Two vessels are constantly on station near the floating rig, one a support ship for emergencies and the other for any oil spillages. For much of the time, however, the sea is too choppy to put down floating booms to contain the oil which, in calm conditions could then be sucked up. The vessel carries chemical dispersants to break up any spilt oil, but these would probably only be used for a big spill that had some chance of reaching the coast. For small spills, the best environmental option is thought to be letting them disperse naturally.

Conoco says it has searched for Lophelia, the deep, cold water coral found along the Atlantic frontier which Greenpeace says is at risk from oil exploitation, and on which it based its court case. So far, using side-scan sonar and remote-control submarines with cameras and bright lights, the company has found none of the coral around the Sovereign Explorer. But the television pictures reveal plenty of other life swimming and crawling along the muddy, sunless seabed, including a five-ft shark. Dolphins and pilot whales have been seen from the rig at the surface.

As for the dangers of extreme wind and wave, the rig has encountered two gales with wind of more than 70 mph since arriving on station in August. It heaved up and down 30 feet but stayed in place, thanks to eight 12- tonne anchors attached to one and a half miles of chain and cable.
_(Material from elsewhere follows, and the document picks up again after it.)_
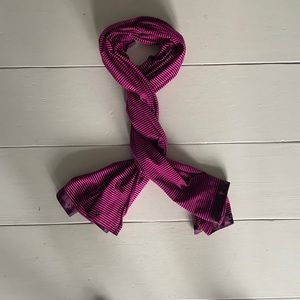 Lululemon scarf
Ian Blood, Conoco's UK head of exploration, accepts that the increasing use of oil and gas was likely to alter climate and that alternatives had to be developed. "They will take their place in the market eventually, 20 to 30 years out," he said. In the meantime, it was up to voters and politicians to decide if they wanted the very significant changes in lifestyles and abandoning fossil fuels involved, he said. "It's not for a company like us to tell the public what to do."